Search code examples
python-3.xhadoopanacondahortonworks-data-platform

How to Enable Python3 Support on HDP 2.6


HDP 2.6 (HortonWorks Data Platform) does not support Python3. While Python3 (or Anaconda3) are highly appreciated by many Data Scientists.

How to enable Python3 support on HDP 2.6?


Solution

  • The restriction are in few files

    • /usr/bin/hdp-select
    • /etc/hadoop/conf/topology_script.py

    The 2to3 application can be used to convert Python file to support Python3.

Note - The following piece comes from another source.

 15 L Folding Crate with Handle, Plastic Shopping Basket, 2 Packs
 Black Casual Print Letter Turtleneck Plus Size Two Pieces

    2to3 -w /usr/bin/hdp-select
    2to3 -w /etc/hadoop/conf/topology_script.py
    

    Change a little bit on /etc/hadoop/conf/topology_script.py to support both Python2 & Python3.

    While after these changes, knox are not able to restart.

    After doing investigation, although the change makes python code runnable on both Python2 & Python. The behavior is slightly different.

    The following command will be executed during Knox restart

    ambari-python-wrapper /usr/bin/hdp-select packages
    

    The original script output will be something like

    Packages:
      accumulo-client
      accumulo-gc
    
    ...
    

    After 2to3 change, the script output will be something like

    Packages:
    (' ', 'accumulo-client')
    (' ', 'accumulo-gc')      
    

    The two output are certain different. And HDP using these stdout as the interface.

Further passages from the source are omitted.